Hooded Spit as a Charcoal Oven | Users Guide
Table of Contents
Preparing a feast for a large group is a culinary adventure that demands precision, planning, and a touch of barbecue magic. In this guide, we'll walk you through the art of cooking roast meats on a charcoal hooded BBQ (it is a hooded spit with the motor and skewer removed), ensuring your gathering becomes an unforgettable gastronomic experience. Following Australian food safety standards, we'll cover everything from food preparation to serving temperatures, ensuring your barbecue journey is as safe as it is delicious.
This guide will address catering for large groups but can be adapted for small to medium gatherings. We will address temperature requirements (for Australian standards), hygeine, and serving suggestions. Although at small to medium personal functions, you don't necessarily (and probably won't) be checking temperaures every step along the way, it is still good practice to follow most of these steps, so your friends and family get beautiful cooked meat, without the dreaded gastro and food sickness!
Meat Selection for Charcoal Spit Oven
Start with the foundation of any great barbecue – premium-quality meats. Visit a reputable butcher for cuts like lamb, beef, or pork suitable for roasting. Here in QLD, we tend to get all ours from the local Super Butcher, but any butcher will work. Just make sure they are someone you can talk to, ask questions, and is willing to work with you to make good suggestions based on quality and price.
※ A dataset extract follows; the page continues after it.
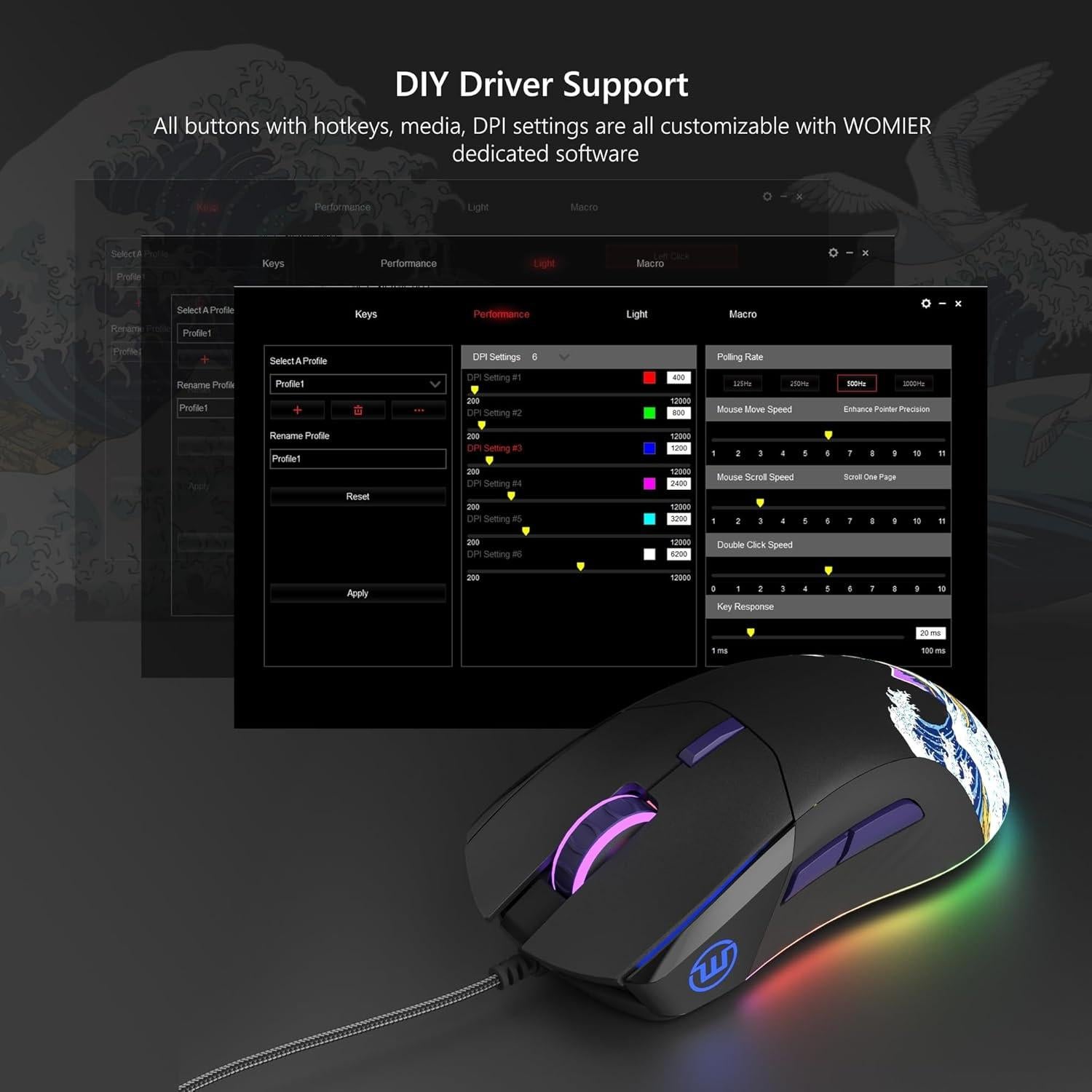 Ratón Gaming Womier Kanagawa RGB con Cable 12000 DPI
Lamb is eally expensive for us currently, so we went with two wagyu roast rump pieces, each about 7 kg. Alongside this we got two full pork legs, deboned and rolled (also both 7 kg each). If you can get a butcher to do this it will make it cheaper and provide a really good cut of meat, with a good amount of fat you can season and crackle. We also got 15 kg of chicken breast but if thigh is cheaper get that instead. If you can, always get chicken with skin on.
In general you should avoid skinless meat like chicken breast or thighs, but the client wanted it. We will address shortly how to cook it if thats the case. In the next two sections we outline what cuts of meat should be used and what are best to avoid, if possible.
Best Meats for Slow Cooking in a Charcoal Oven
Opt for cuts that contain more connective tissue and fat, making them better suited for long, slow cooking methods. These cuts break down over time, resulting in tender and flavorful dishes. Examples of suitable cuts for extended oven cooking include:
Pork Shoulder or Boston Butt:
- Excellent for slow-roasting or braising, resulting in pulled pork or flavorful roasts.
Beef Chuck or Brisket:
- Ideal for slow cooking methods like braising or roasting, producing tender and flavorful results.
- Just take into consideration, brisket requires a lot of prep time. You have to remove quite a lot of fat (while leaving a layer behind, don't fully remove it) and takes longer in general to cook. Big briskets can be 9+ hours!
Chicken Thighs or Drumsticks:
- Bone-in, skin-on chicken thighs or drumsticks are better choices for long cooking times, as they retain moisture and flavor.
Lamb Shoulder or Shanks:
- These cuts contain more collagen, which breaks down during slow cooking, resulting in tender and succulent meat.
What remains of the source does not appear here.